• [Work order]: Copy out nothing but the lines from the one holding "Replacement Battery for" through the end of the entries below, exactly as written and without the pictures.
· · ·
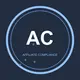 Affiliate Compliance How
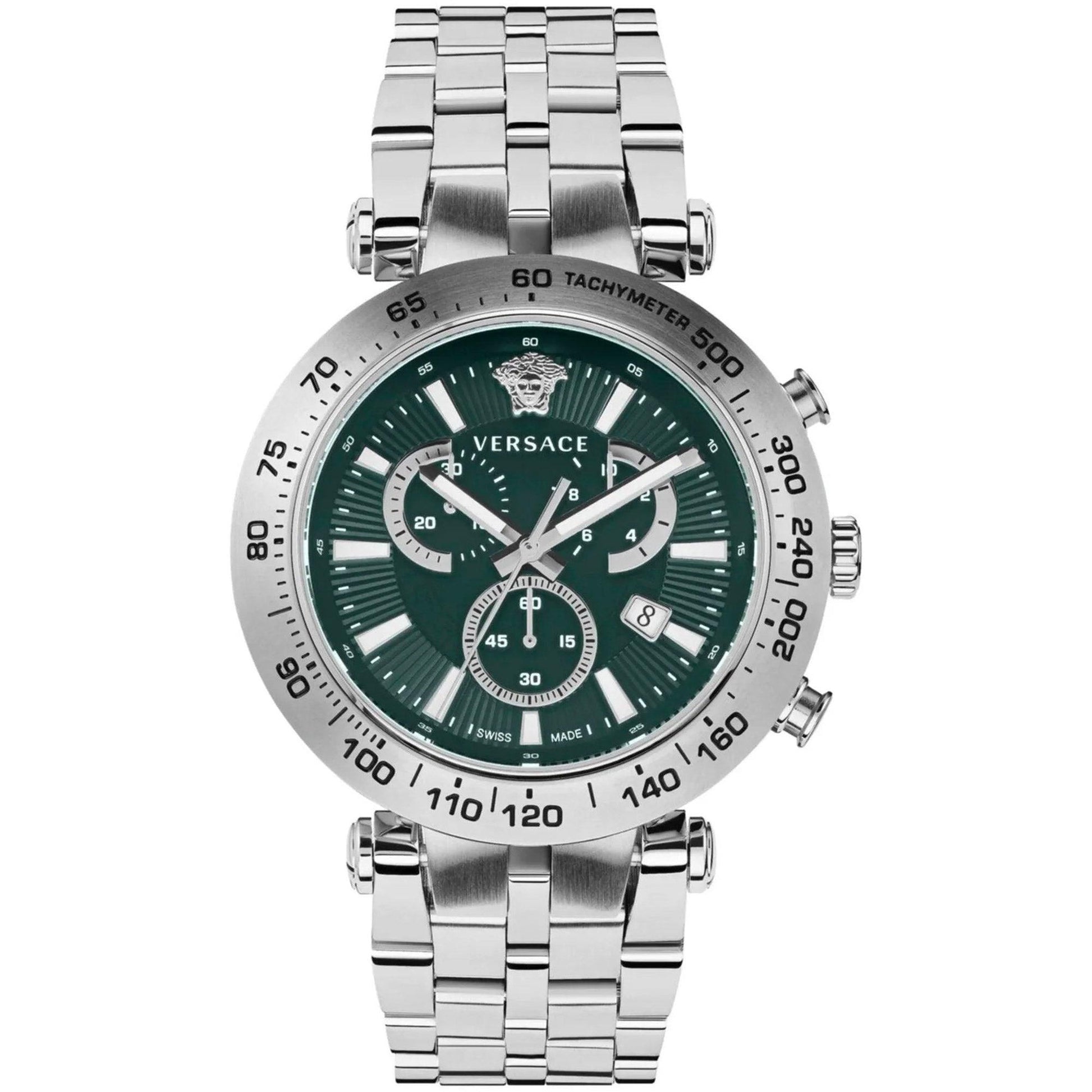 Orologio Versace VEJB00522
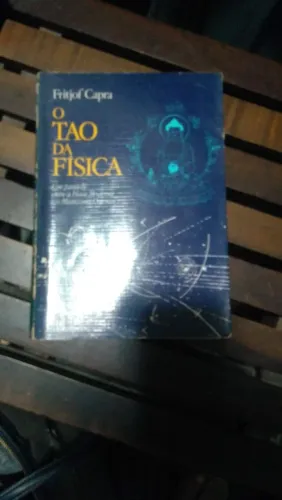 O tão da fisica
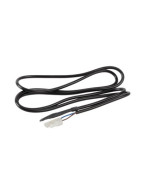 Sonde température ntc- CHAFFOTEAUX - 990776
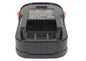 Replacement Battery for Ridgid 130383001 130383025, 130383028, – 1500mAh / 27.00Wh
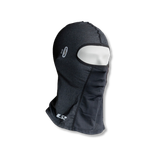 KHĂN NINJA LS2 BALACLAVA MAX AIR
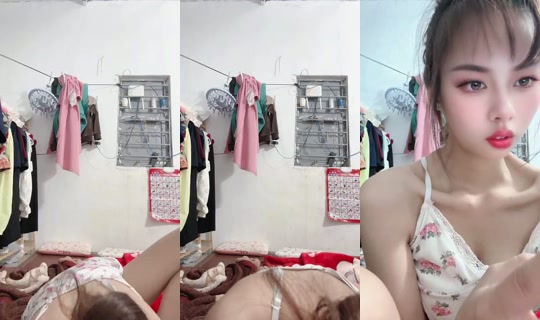 2312bele Bigo Live — Oct 13, 2026, 2:10 AM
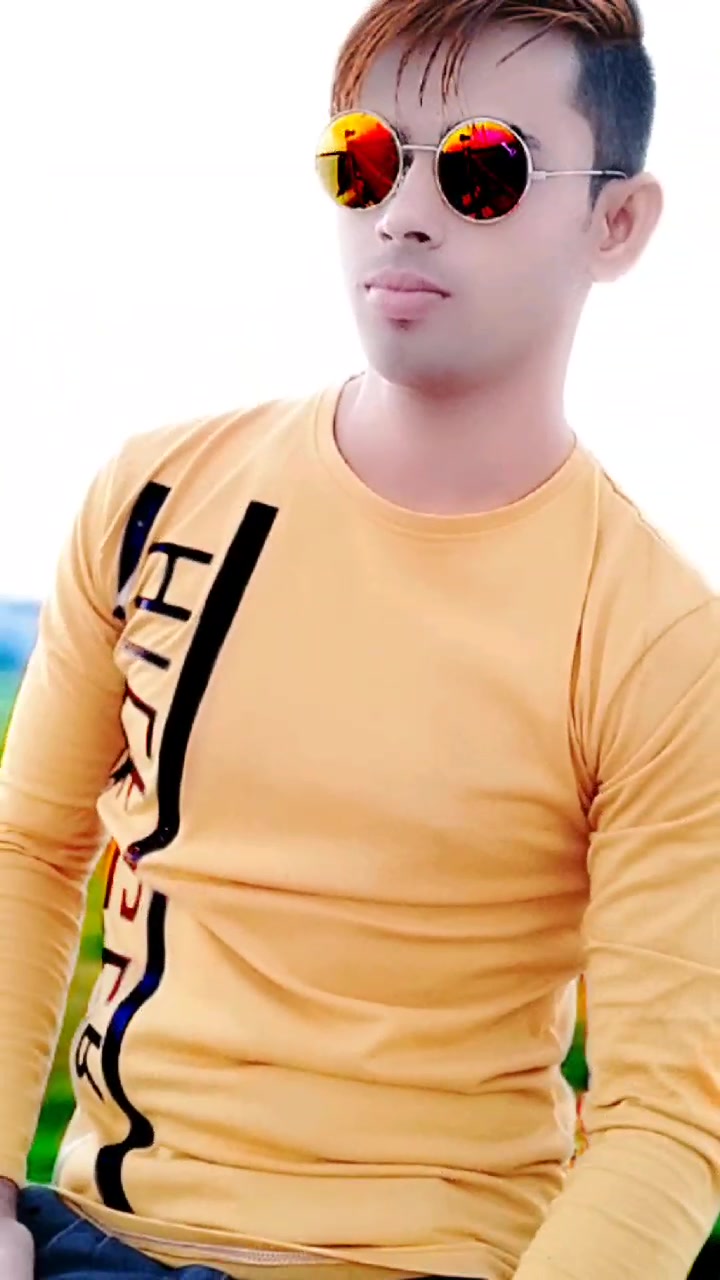 @Salman saifi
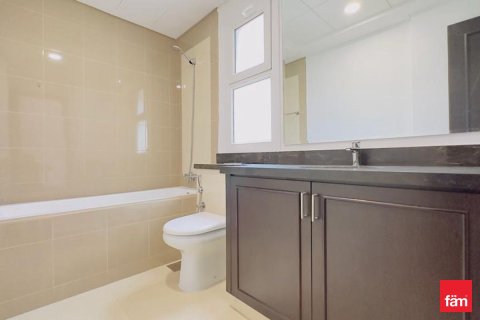 Таунхаус с 2 спальнями  №126089 19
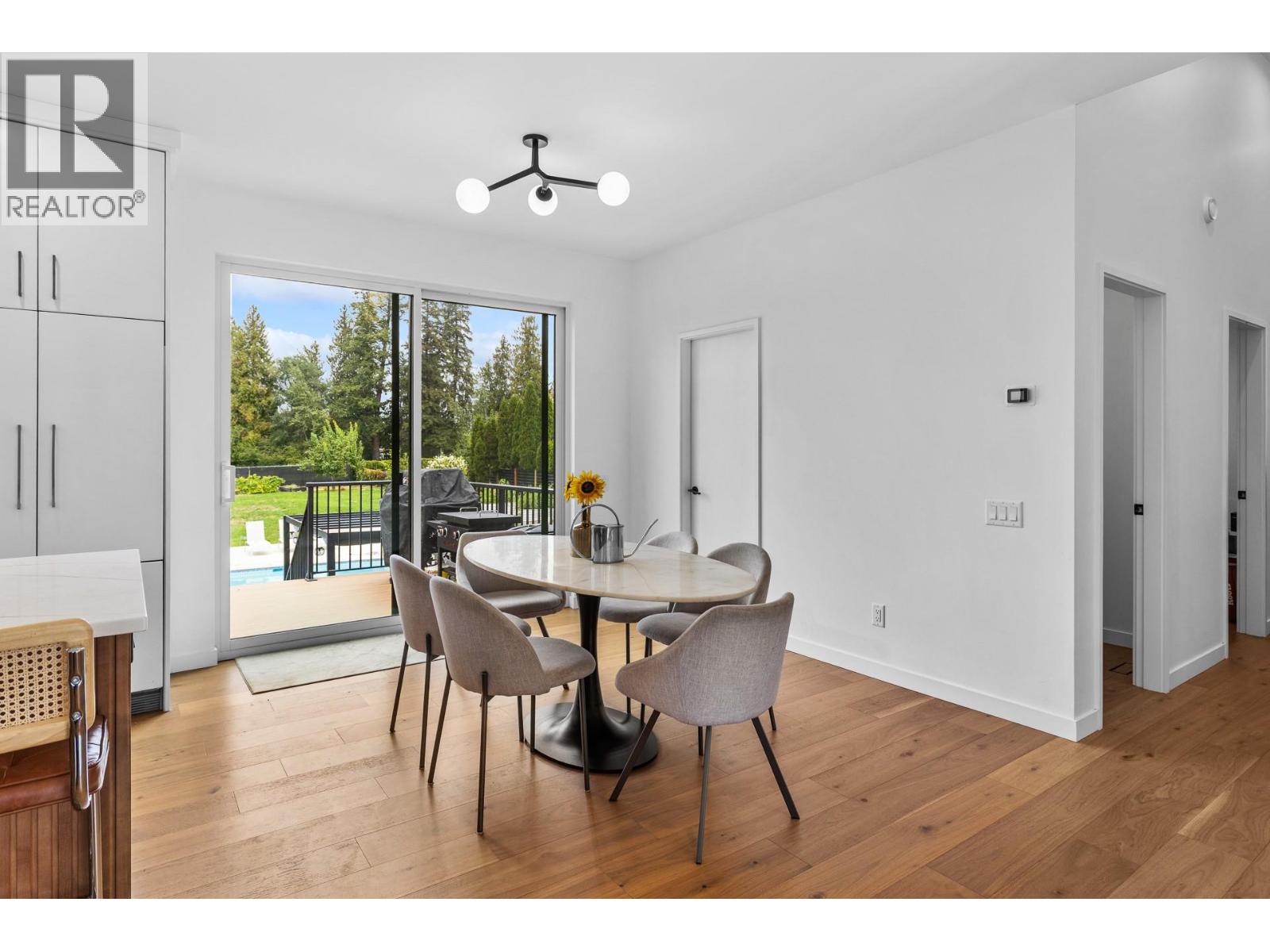  624 Bonjou Road, Kelowna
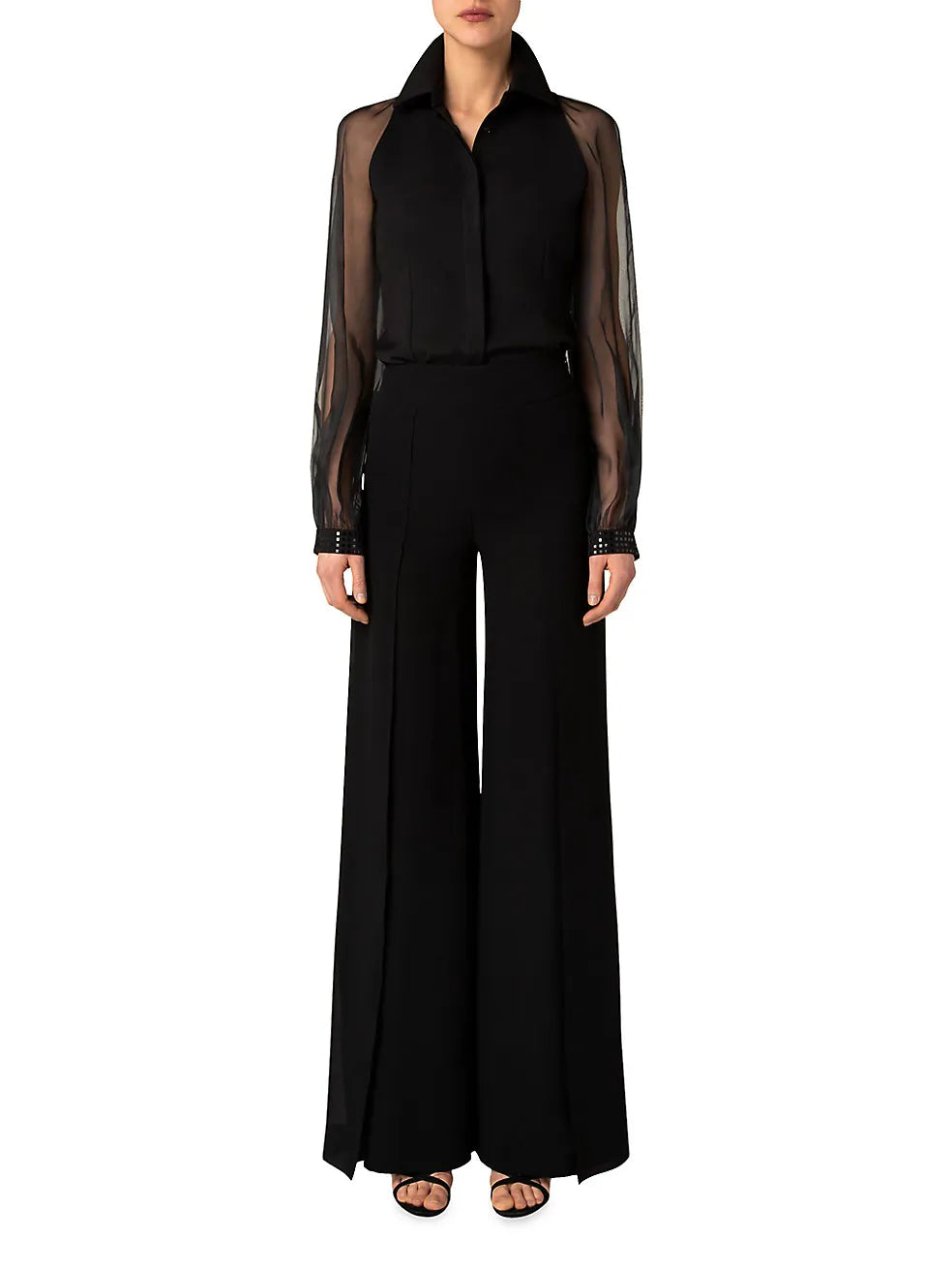 Fellia Trousers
· · ·
• [Solution to this problem]:
 Replacement Battery for Ridgid 130383001 130383025, 130383028, – 1500mAh / 27.00Wh
 KHĂN NINJA LS2 BALACLAVA MAX AIR
 2312bele Bigo Live — Oct 13, 2026, 2:10 AM
 @Salman saifi
 Таунхаус с 2 спальнями  №126089 19
  624 Bonjou Road, Kelowna
 Fellia Trousers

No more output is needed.